■ Exercise brief ■
No pictures belong in the copy. Retype exactly, and only, the stretch of lines below from the one with "Load image into" through the one with "Silje og Silje, kunderådgivere hos Vibb".

■ Data excerpts ■
########################################
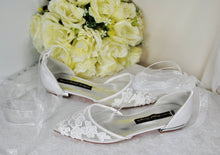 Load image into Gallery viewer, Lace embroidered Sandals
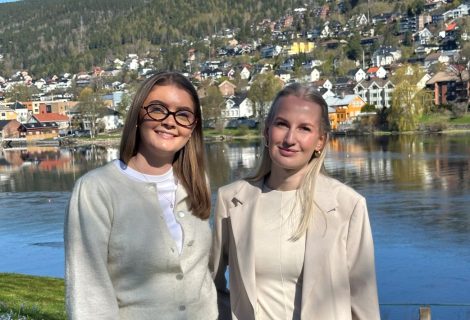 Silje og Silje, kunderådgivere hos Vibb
########################################
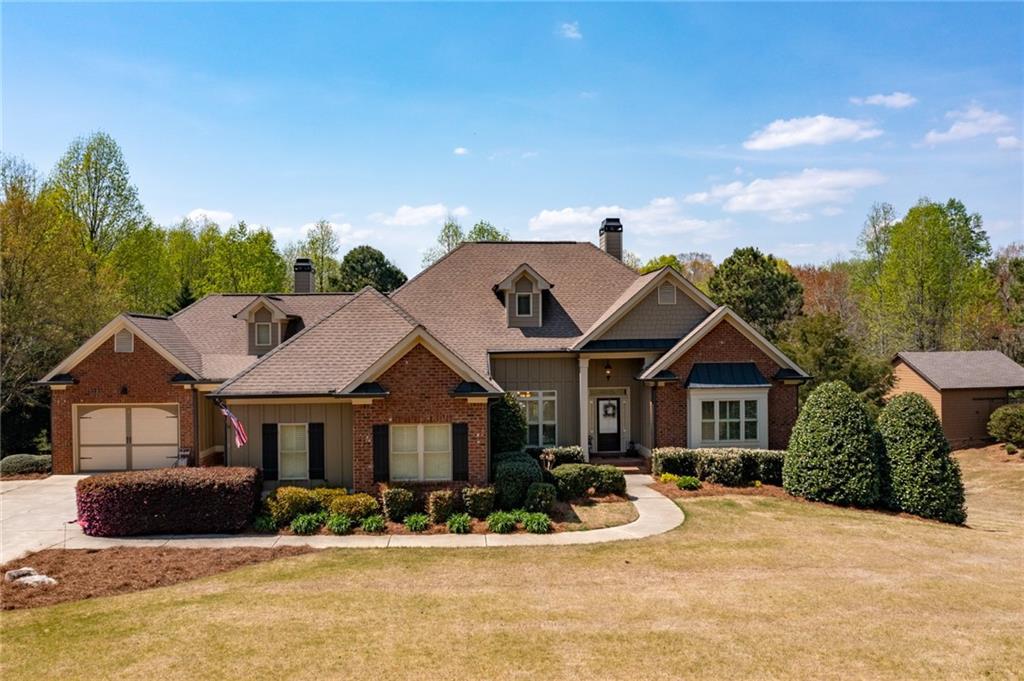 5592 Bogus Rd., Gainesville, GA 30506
########################################
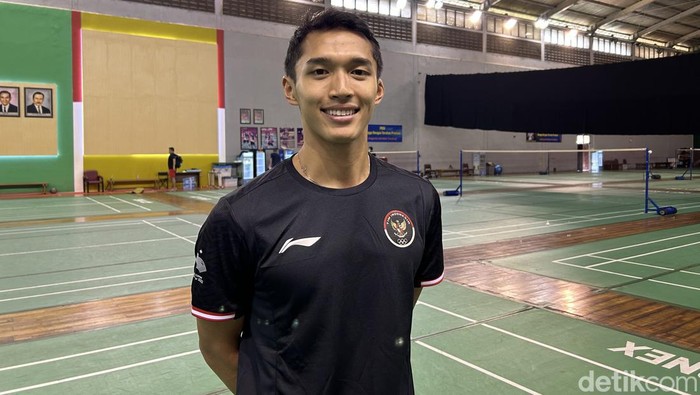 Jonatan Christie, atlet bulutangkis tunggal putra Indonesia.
########################################
■ Reply to the exercise ■
 Load image into Gallery viewer, Lace embroidered Sandals
 Silje og Silje, kunderådgivere hos Vibb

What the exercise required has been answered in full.